From: Robert J. Bradbury (bradbury@aeiveos.com)
Date: Fri Apr 12 2002 - 13:33:11 MDT
On Fri, 12 Apr 2002, Eugen Leitl wrote:
> Current ballpark figures of residental WANs is 40 kBytes/s (and about 15
> ms latency) is sure not GBit rates, but 40 kBytes/s of a tight code
> communication is not something that can be shrugged off.

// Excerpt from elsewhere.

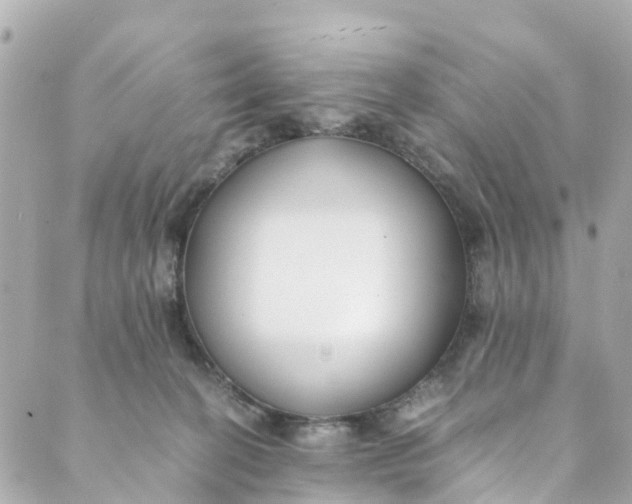 X0000088910274200706291537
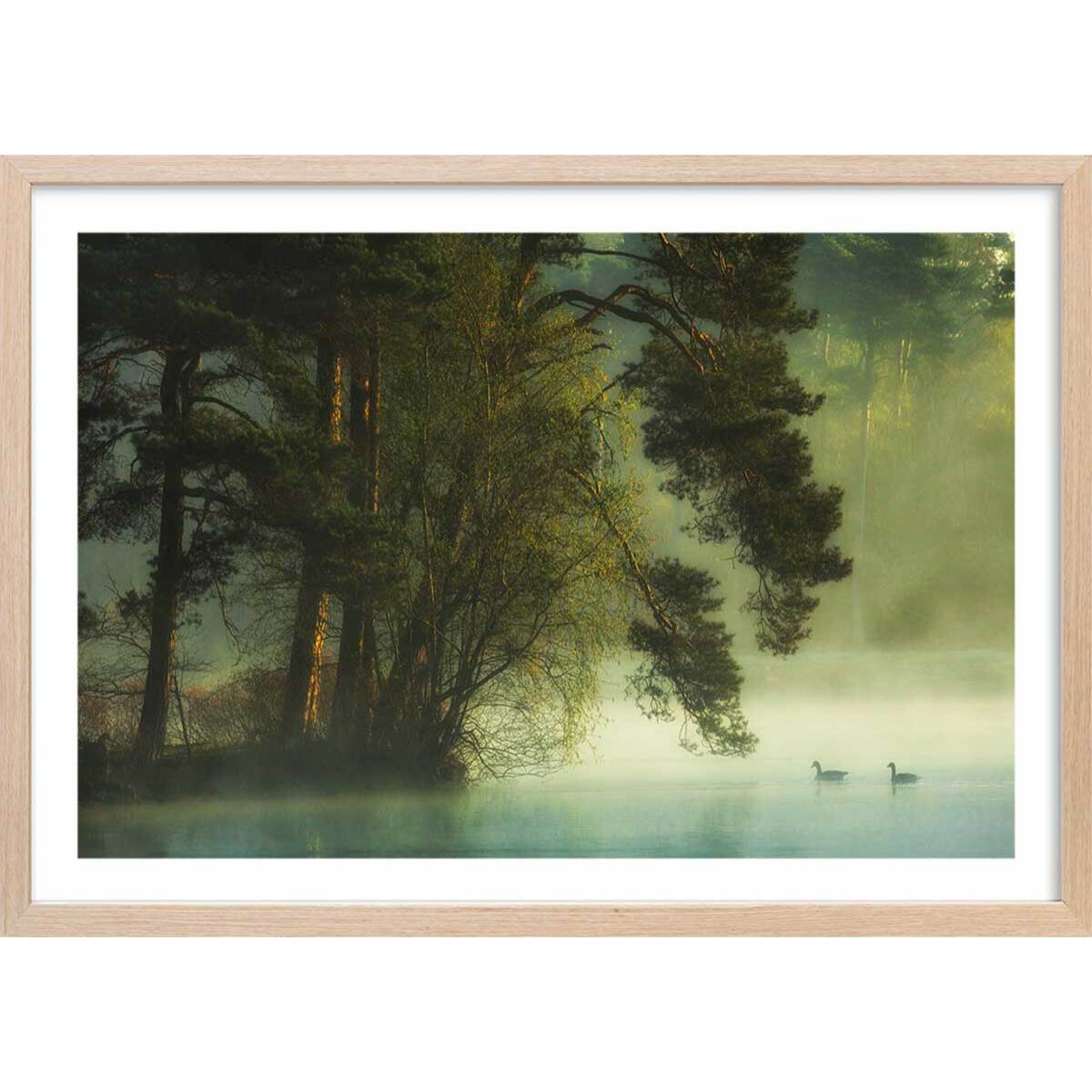 Affiche paysage marais neerlandais Affiche + cadre en bois - Chêne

Actually Eugene, I can get 50-60 kBytes/sec on my DSL line and it
isn't configured for the highest speeds. I think the max rates
may be 2-4 times greater than that (though I'd have to pay more
for it).
I think the install base for DSL is currently 4-6 million homes
and that's certainly going to grow.
A 50+ kB continuous transfer in using the HTTP protocol in Netscape
(not the most efficient) consumes less than 10% of the available CPU
of a dual 200 MHz Pentium Pro machine. The communications bottleneck,
at least for now, is the limiting factor. I don't see that changing
until people get into a mode of video/TV on demand. There isn't
anything else that humans do that would seem to demand higher
bandwidth.
As you point out -- it comes down to a question of how clever
the neural communications protocol designers are as to whether
they can compress significant amounts of useful information
into that bandwidth for offsite delivery.
I'm too lazy to do the calculation right now, but if we
assume a brain is a petaflop machine and has 40 billion
neurons, we ought to be able to figure out what the number
of neurons/PC would be their associated bandwidth requirements
are.
We could stop the handwaving and work with some real data.